Architecture

Four pieces, one composition. The pure-math primitives compose into the Phase 5 RL training step with every line gated by a test.

The think→act loop

context tokens

backbone (decoder LM)

h_t (hidden state)

→ W_loop ·h + b

+ σ·ε

e_t (next embed)

backbone continues with e_1..e_K in KV cache

language mode resumes

The latent thoughts live only in the KV cache — they never appear in the visible token sequence. Subsequent language-mode tokens attend to them through normal causal attention.

The four components

1. `StochasticLatentLoop` — the projection

Given hidden state h of shape (B, d):

mu = W_loop(h)
eps = randn_like(mu).detach()      # Gaussian noise, detached
e_raw = mu + sigma * eps
e_projected = project_to_manifold(e_raw)
return e_projected, mu, eps

The detachment of eps from autograd is load-bearing — noise is data, not a parameter-dependent variable. The manifold projection keeps long latent chains on the token-embedding distribution; without it, cosine similarity to the nearest token drops sharply by K=16.
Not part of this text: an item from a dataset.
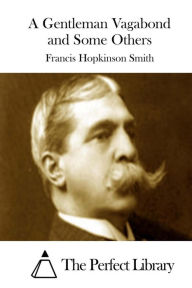 A Gentleman Vagabond and Some Others Francis Hopkinson Smith Author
2. `BudgetHead` — categorical π(K | h)

A small 2-layer MLP over the hidden state at the <bot> position, outputting logits over K ∈ {0..K_max}. Trained via REINFORCE with reward R = accuracy − λ·K. K=0 is a valid action — for easy questions, the model can decide to spend no thinking at all.

3. `VerifierHead` — P[correct | trajectory]

A small TransformerEncoder reading the K-step trajectory with a learned [CLS] token for pooled readout. Two roles: runtime quality signal (retry on low confidence) and the principled REINFORCE baseline (variance reduction by ~10× per standard RL practice).

4. REINFORCE + KL math

The pure math pieces from spec §A.2 and §A.4. The trajectory log-probability uses the score-function surrogate trick:

log_p = log_norm + eps_term + surrogate - surrogate.detach()
# where:
#   log_norm  = -K*d/2 * log(2*pi*sigma^2)   # gradient via sigma
#   eps_term  = -0.5 * sum_k ||eps_k||^2
#   surrogate = (eps . mu).sum() / sigma.detach()  # gradient via mu

The surrogate's value is zero (subtract its detach) but its autograd graph delivers d log_p / d mu = eps / sigma, which is exactly what REINFORCE needs. The sigma.detach() in the denominator prevents the surrogate from contaminating the σ gradient — a silent bug that would make RL learn wrong σ updates.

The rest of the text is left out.